**Task**:
Exactly reproduce the line containing "Page 4 Chapter" and all later lines to the end of the entries, leaving the pictures out of your copy.

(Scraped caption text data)
****

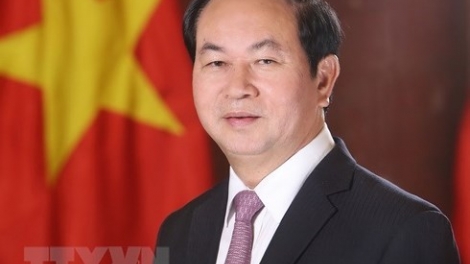 Lãnh đạo các nước chia buồn Chủ tịch nước Trần Đại Quang từ trần (Thời sự đêm 23/9/2018)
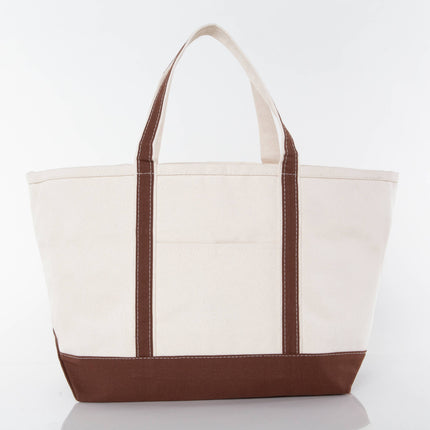 Personalized Large Boat Bag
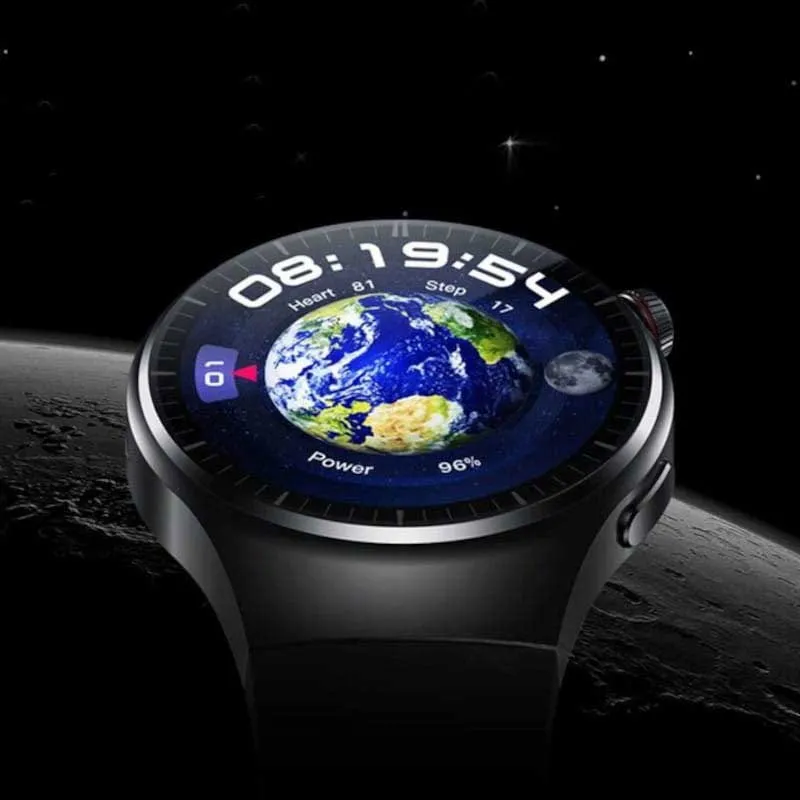 Zebla Thor Ultra Smartwatch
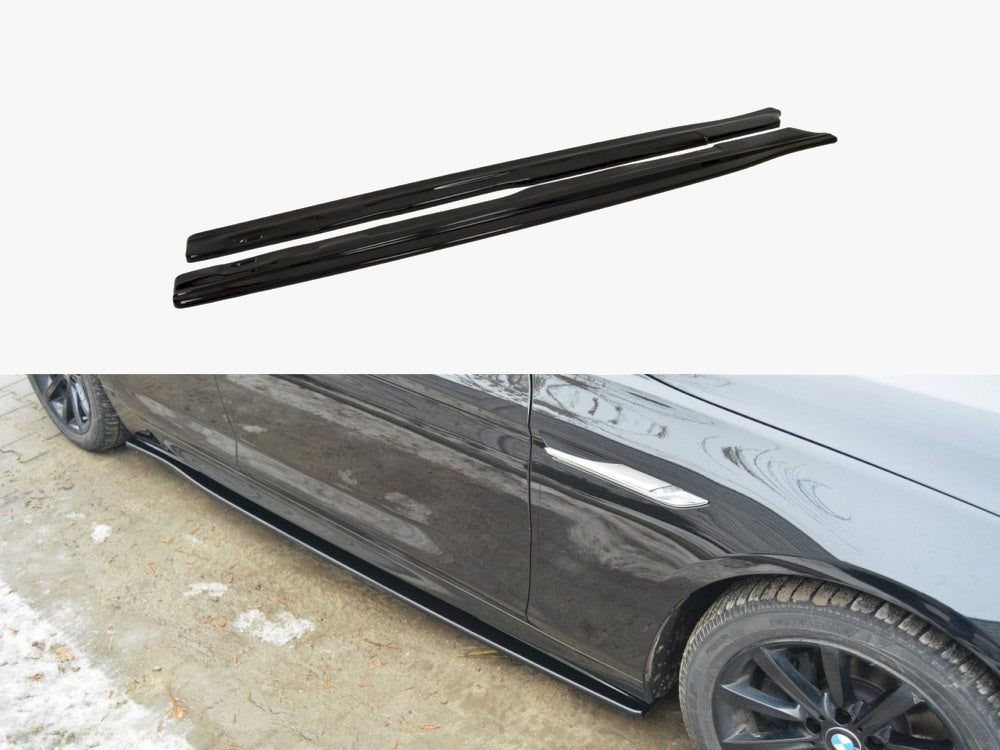 Side Skirts Splitters BMW 6 Gran Coupe M-Sport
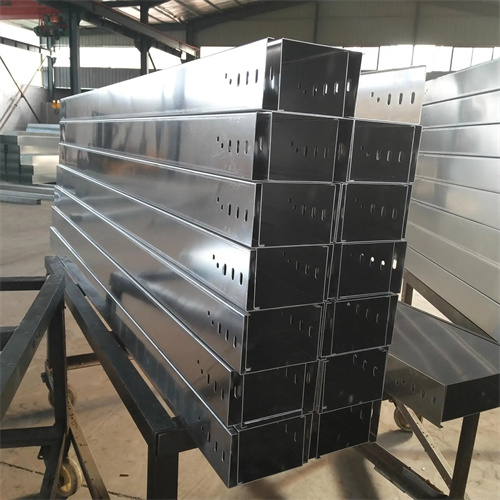 	热浸锌电缆桥架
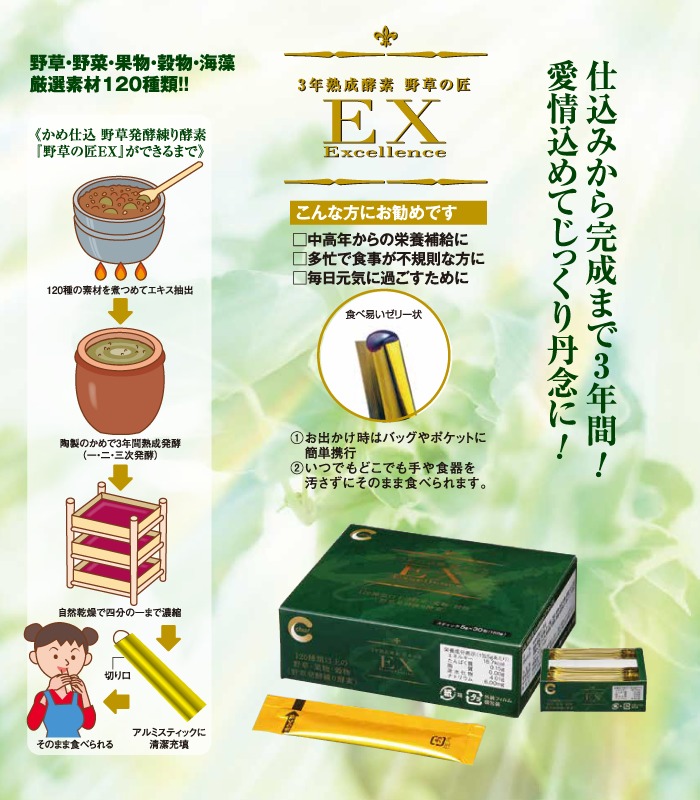 食らうエンザイム 0補給 練り酵素 野草の術数ex や実に実にのたくみエクセレンス タブ かめ 1クラス 30小包 国産 謬り加熱取計らう ダイエット 毎平均太陽日の倦怠術 不規則さな昼餐対策 日毎にのコンディション管制に 父君の日 御っ母の日の贈与に至適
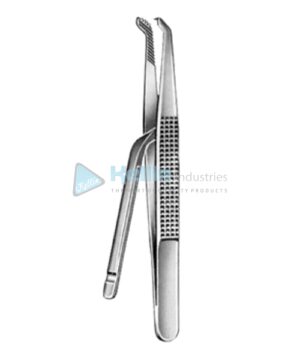 Child Clip Applying Forceps 17cm/6¾"
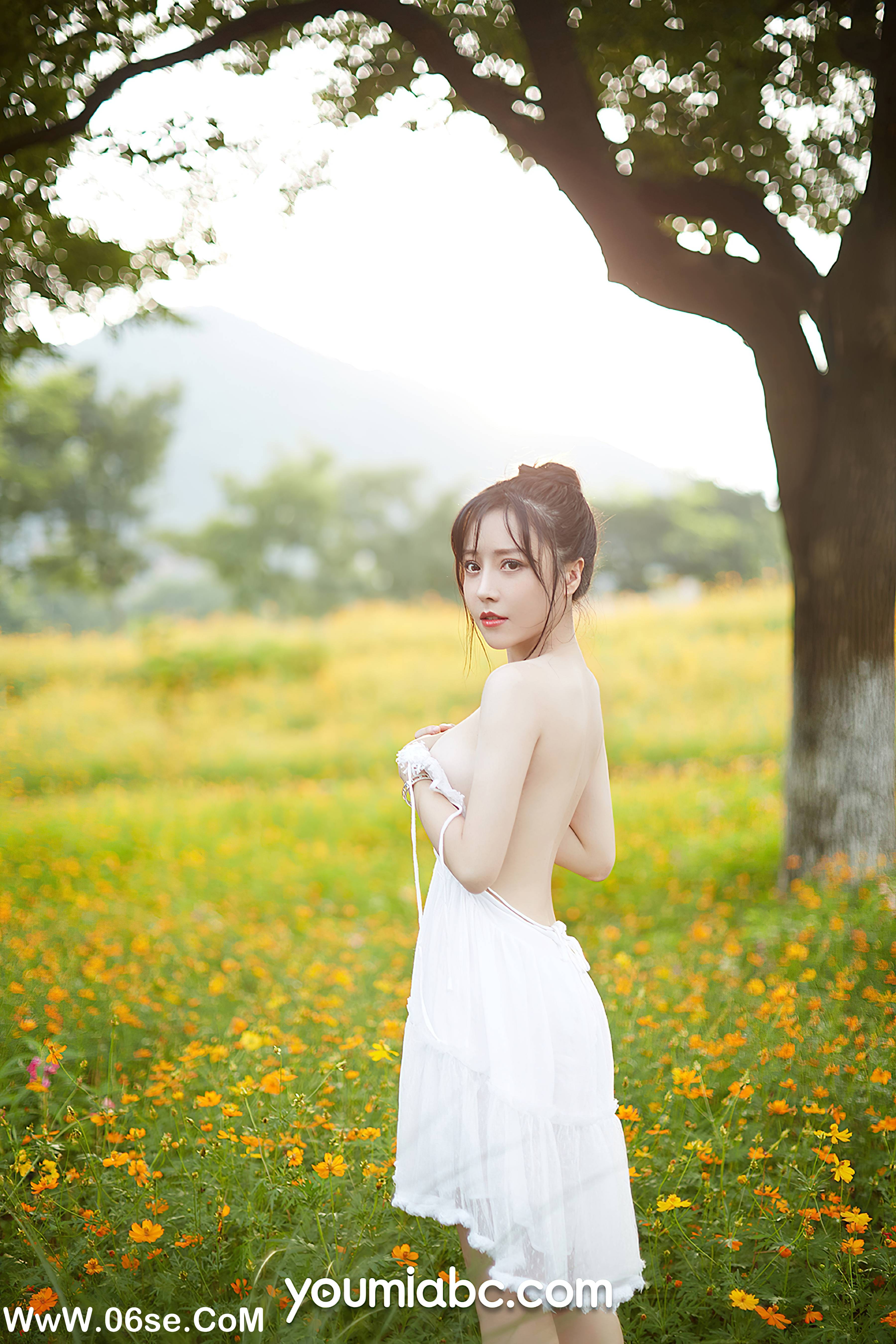 图片[26]-[YouMi尤蜜] 2020.12.04 绿野仙踪 白亦Ada[29+1P517M]-六色网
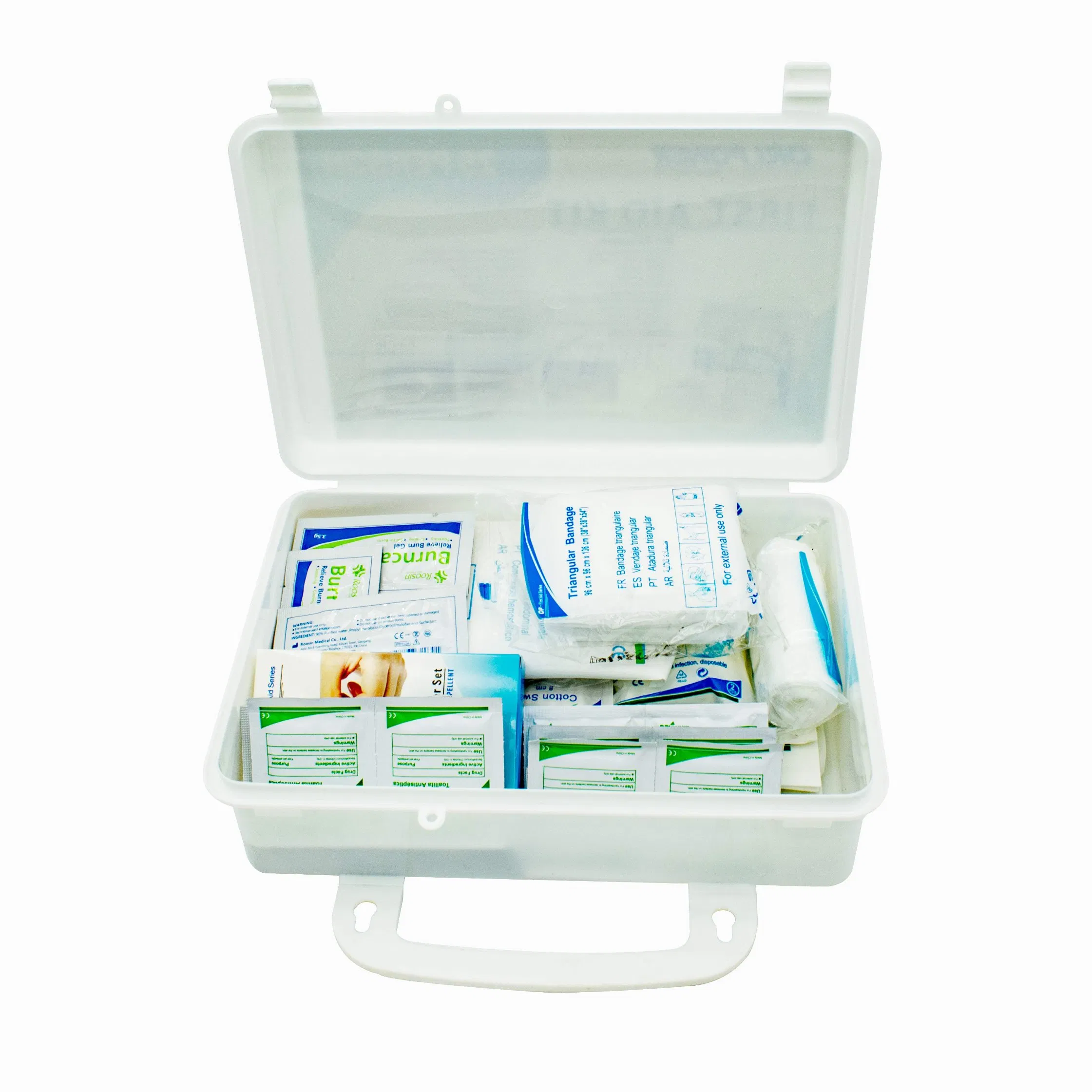 Wholesale Customize First Aid Kits: Tailored Safety Solutions for Office and Workshop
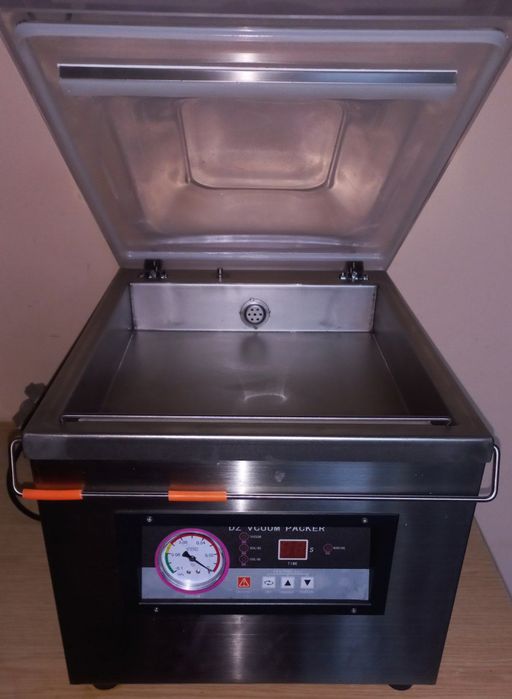 Вакуумный аппарат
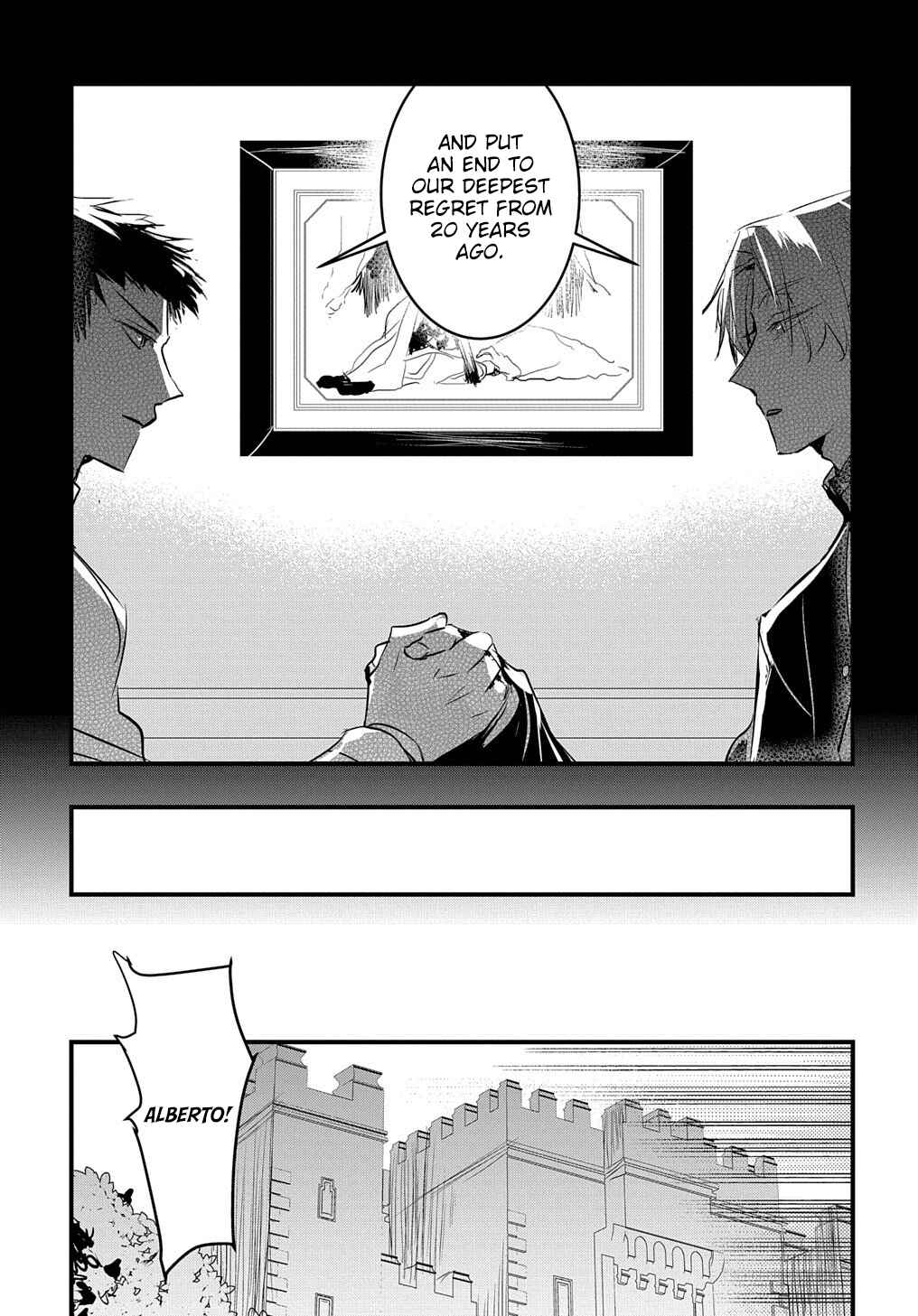 Page 4 Chapter 16 Tensei Shita Akuyaku Reijou wa Fukushuu wo Nozomanai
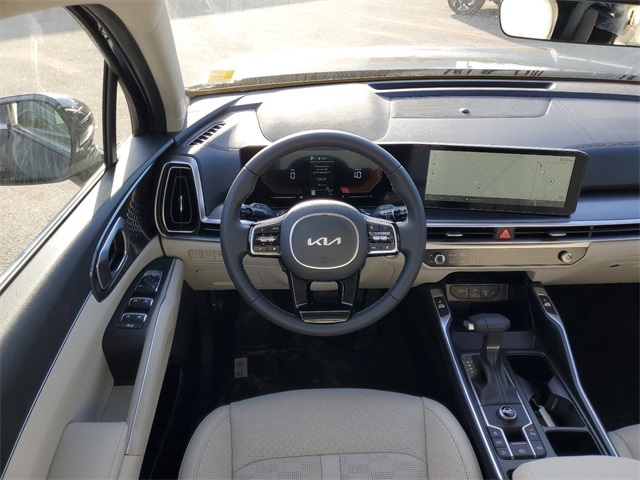 2025 Kia Sorento EX photo 23
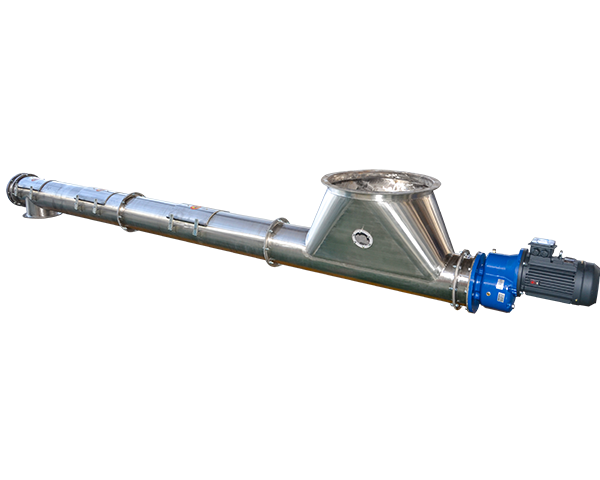TLSG Series Tubular Screw Conveyor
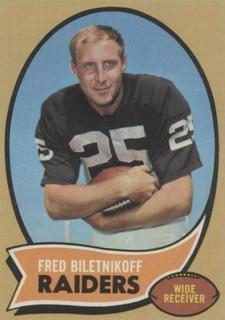 Fred Biletnikoff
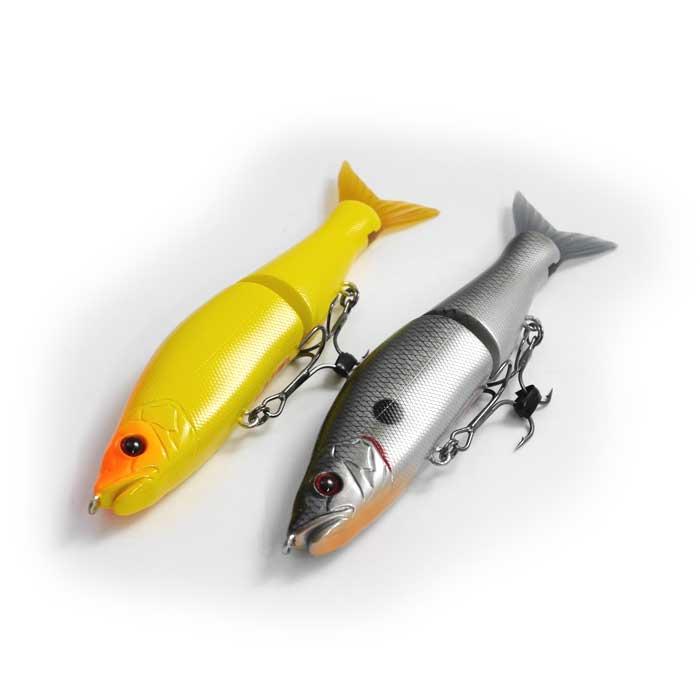 ガンクラフト ジョインテッドクロー148 ルアーまとめ売り GAN CRAFT（ガンクラフト） ジョインテッドクロー 148改 中央漁具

****

**Exercise output**:
 Page 4 Chapter 16 Tensei Shita Akuyaku Reijou wa Fukushuu wo Nozomanai
 2025 Kia Sorento EX photo 23
TLSG Series Tubular Screw Conveyor
 Fred Biletnikoff
 ガンクラフト ジョインテッドクロー148 ルアーまとめ売り GAN CRAFT（ガンクラフト） ジョインテッドクロー 148改 中央漁具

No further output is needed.